*** Begin section ***

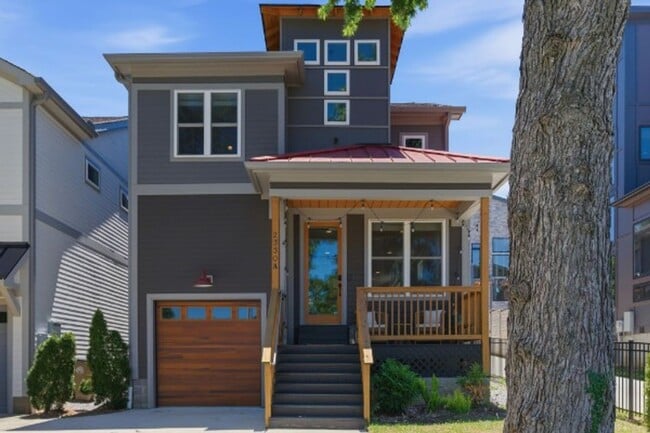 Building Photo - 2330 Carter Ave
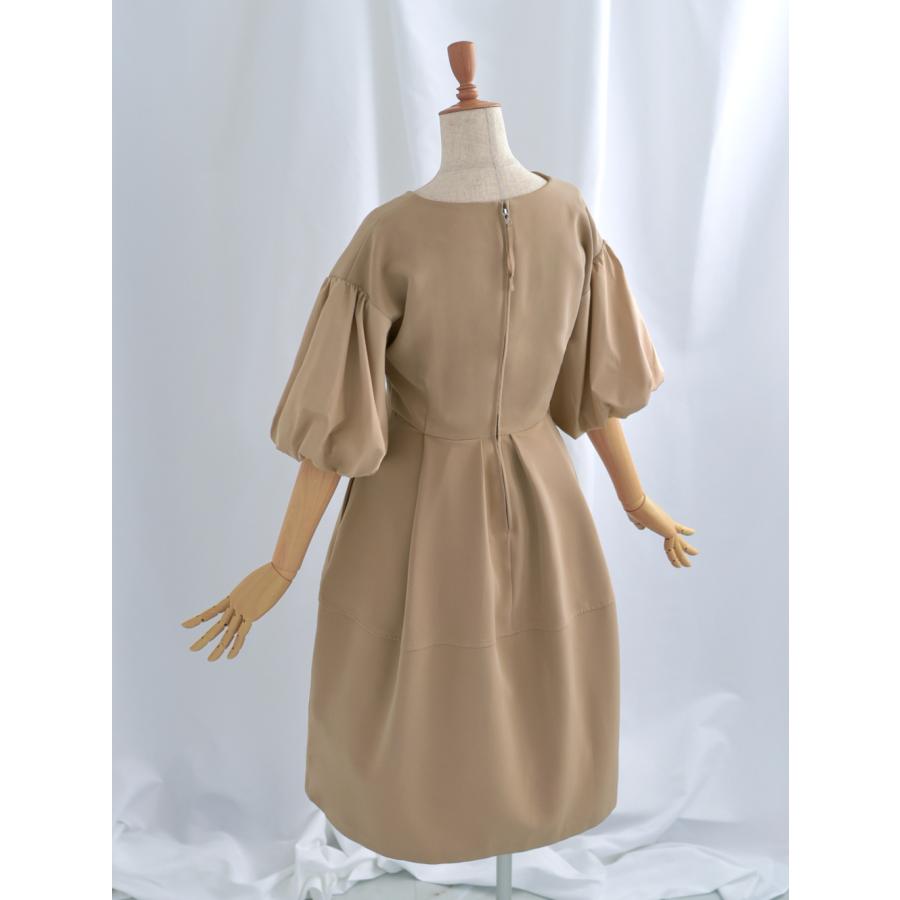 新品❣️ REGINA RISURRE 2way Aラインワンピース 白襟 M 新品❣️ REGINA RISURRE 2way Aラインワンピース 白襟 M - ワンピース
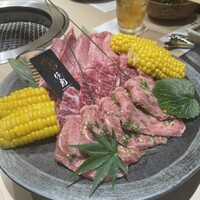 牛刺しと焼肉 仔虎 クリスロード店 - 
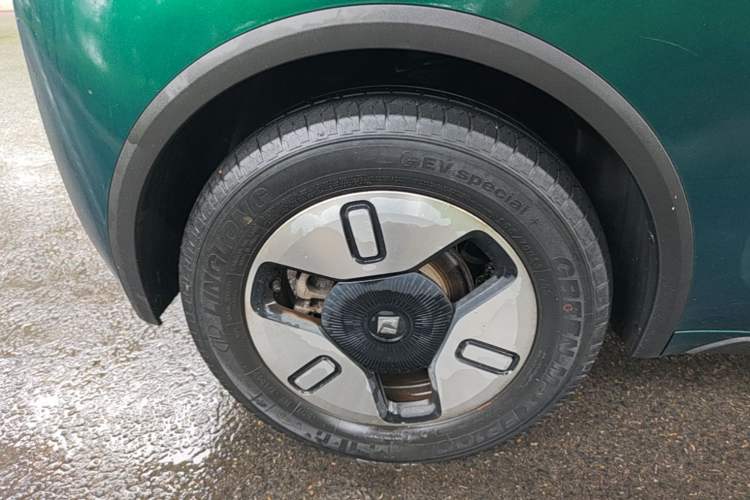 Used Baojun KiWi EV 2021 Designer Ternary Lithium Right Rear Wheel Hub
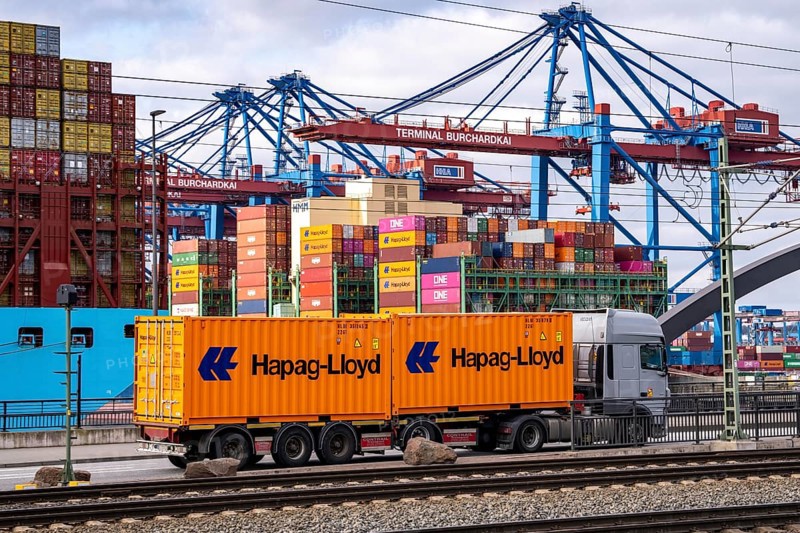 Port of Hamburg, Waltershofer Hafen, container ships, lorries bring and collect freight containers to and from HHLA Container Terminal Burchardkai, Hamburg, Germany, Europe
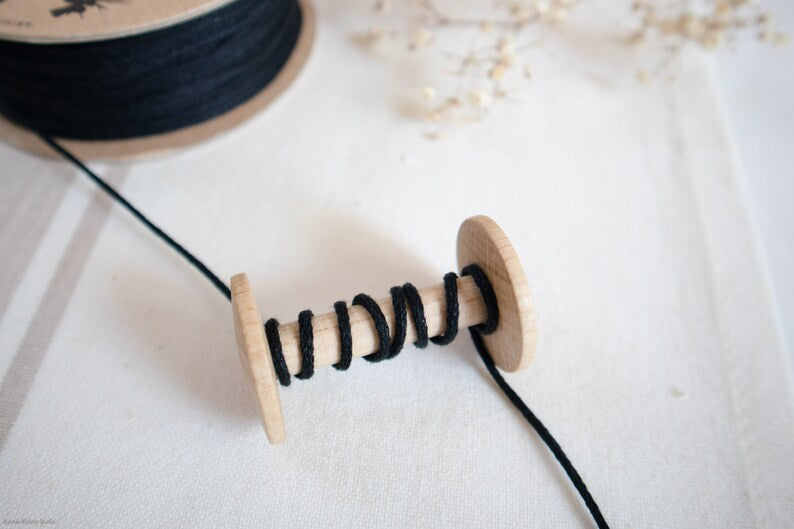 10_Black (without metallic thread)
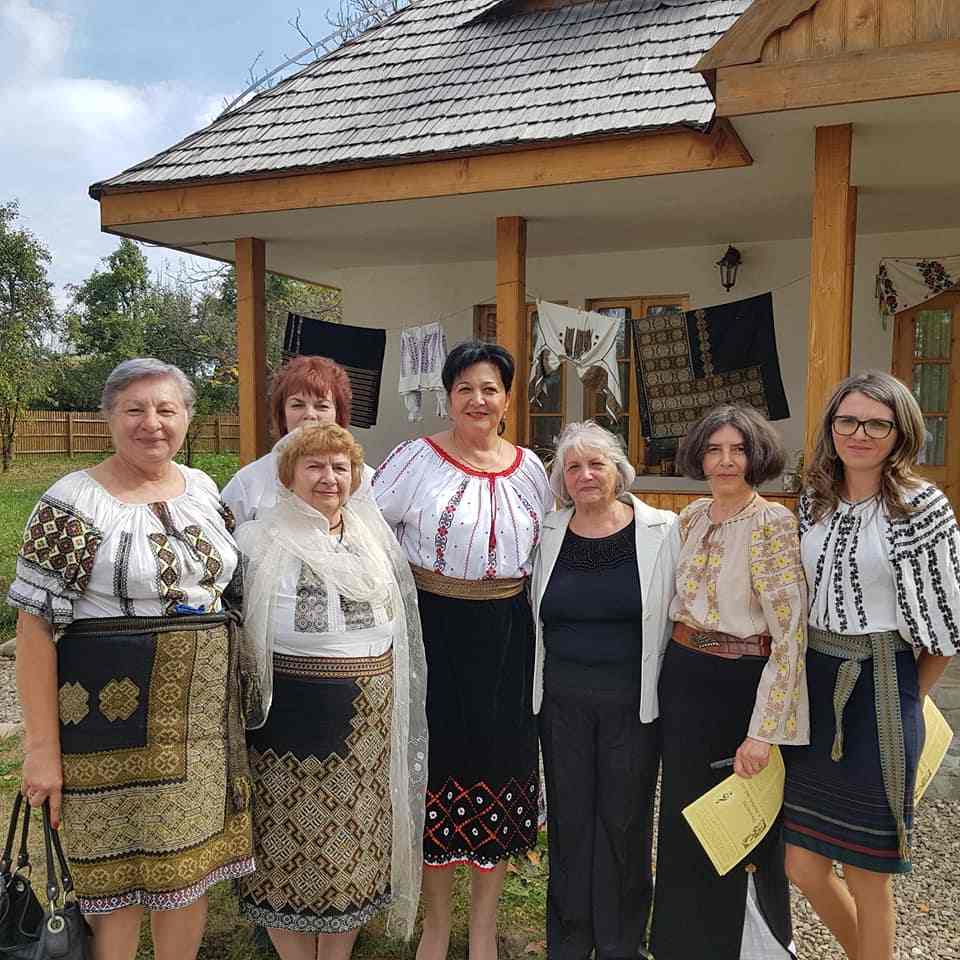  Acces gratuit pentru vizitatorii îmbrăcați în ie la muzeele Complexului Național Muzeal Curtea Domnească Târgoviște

*** End section ***
*** Begin section ***

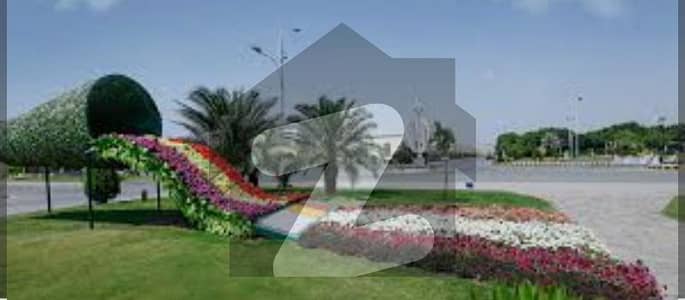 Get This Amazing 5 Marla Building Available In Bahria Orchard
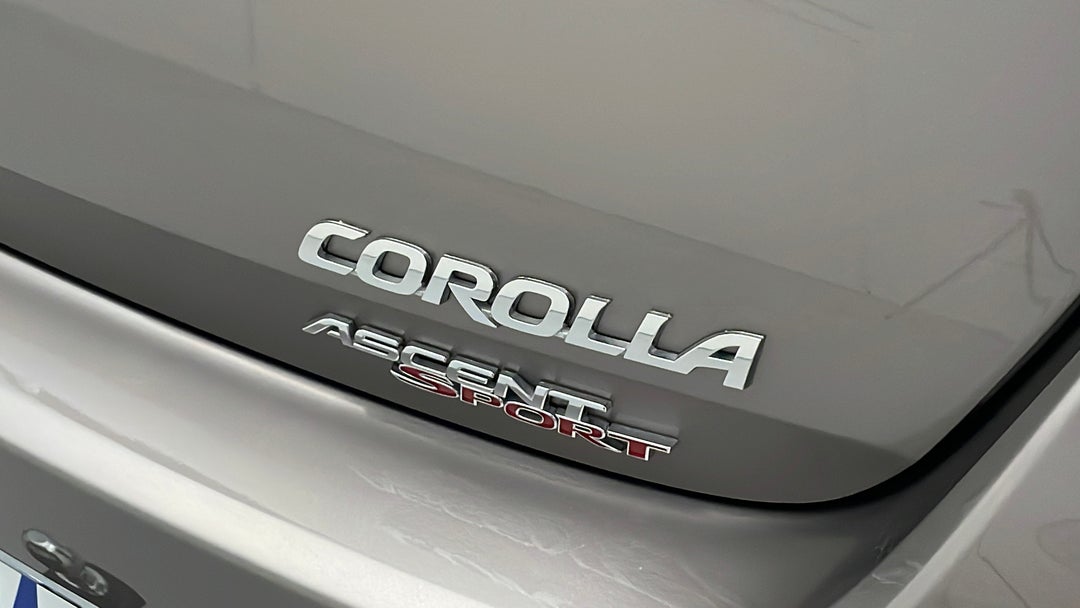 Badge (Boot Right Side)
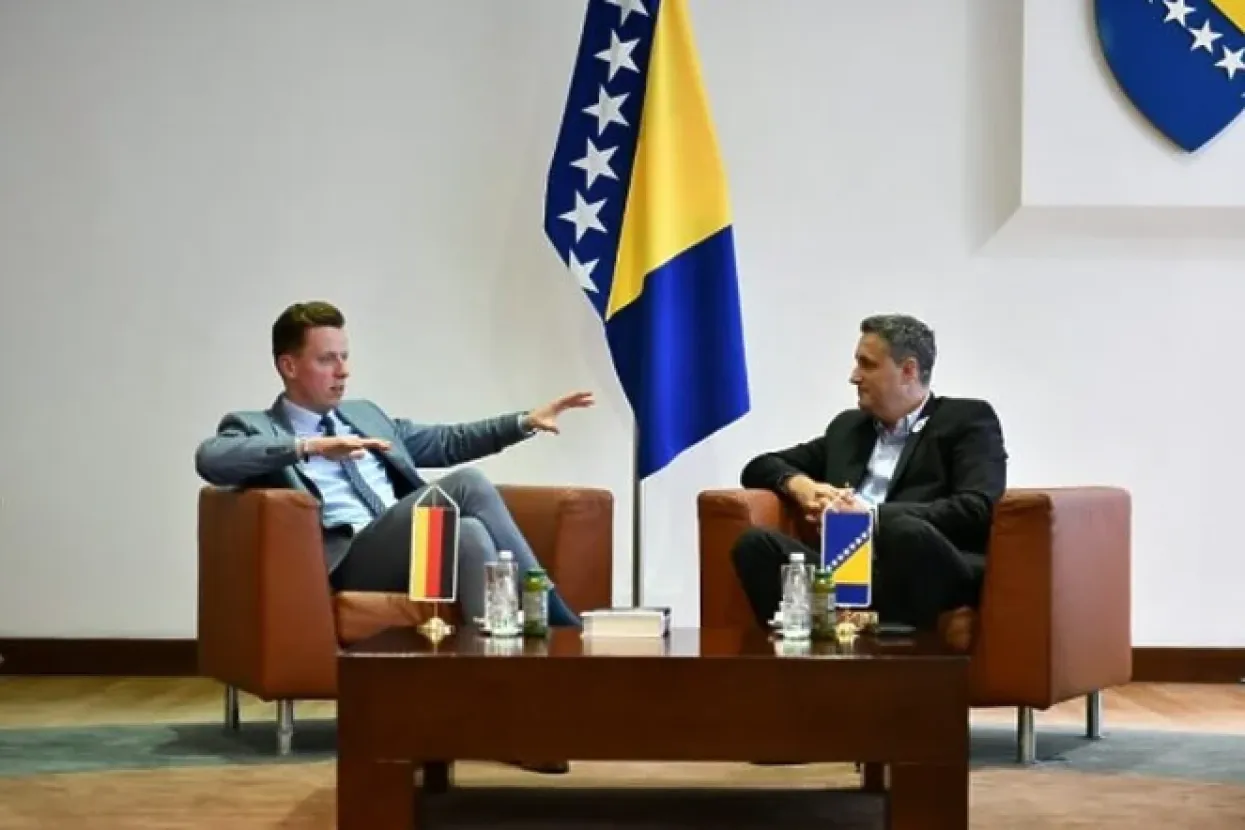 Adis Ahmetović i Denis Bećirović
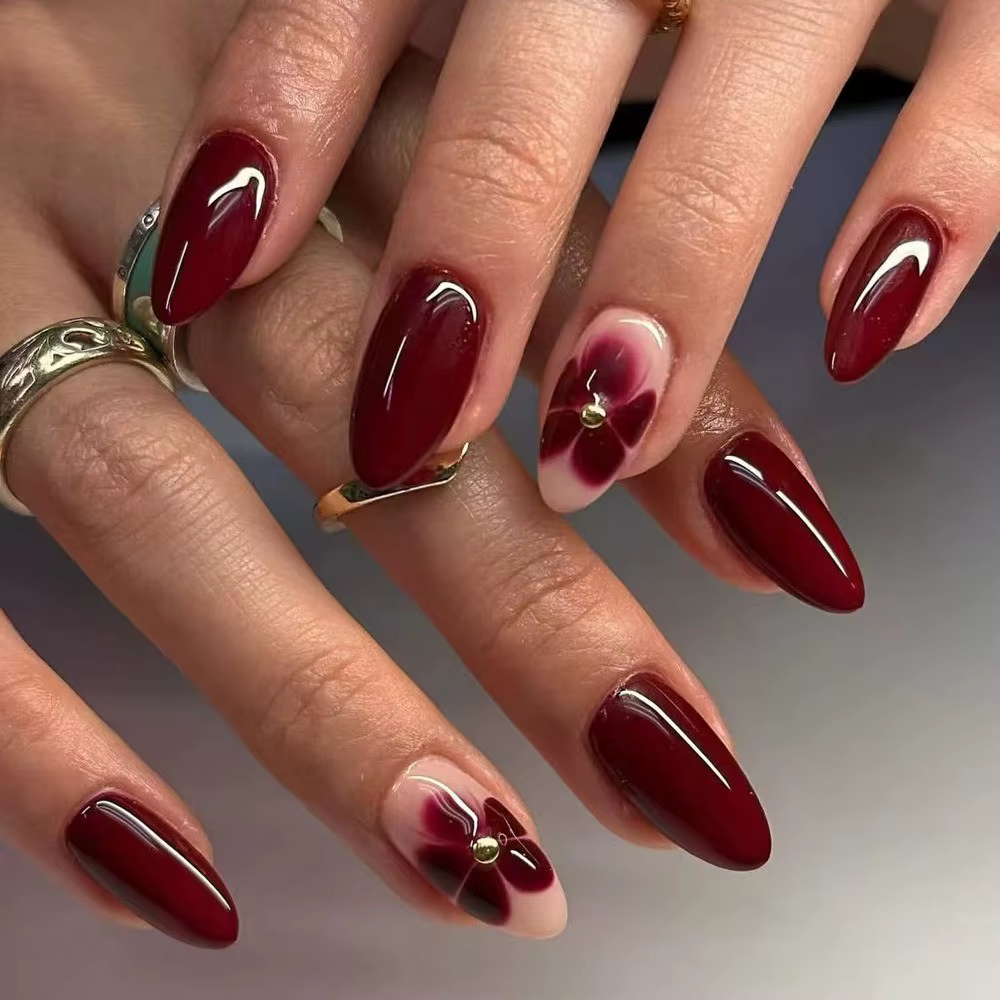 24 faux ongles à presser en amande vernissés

*** End section ***
*** Begin section ***

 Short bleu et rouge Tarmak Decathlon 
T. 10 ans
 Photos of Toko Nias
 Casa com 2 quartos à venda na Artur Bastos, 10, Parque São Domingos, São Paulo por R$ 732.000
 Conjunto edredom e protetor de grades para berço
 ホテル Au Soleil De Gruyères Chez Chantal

*** End section ***

## Problem details:
Return only the stretch above from the line containing "Building Photo - 2330 Carter Ave" through the line containing "Used Baojun KiWi", word for word and without pictures.

## Result of the task:
 Building Photo - 2330 Carter Ave
 新品❣️ REGINA RISURRE 2way Aラインワンピース 白襟 M 新品❣️ REGINA RISURRE 2way Aラインワンピース 白襟 M - ワンピース
 牛刺しと焼肉 仔虎 クリスロード店 - 
 Used Baojun KiWi EV 2021 Designer Ternary Lithium Right Rear Wheel Hub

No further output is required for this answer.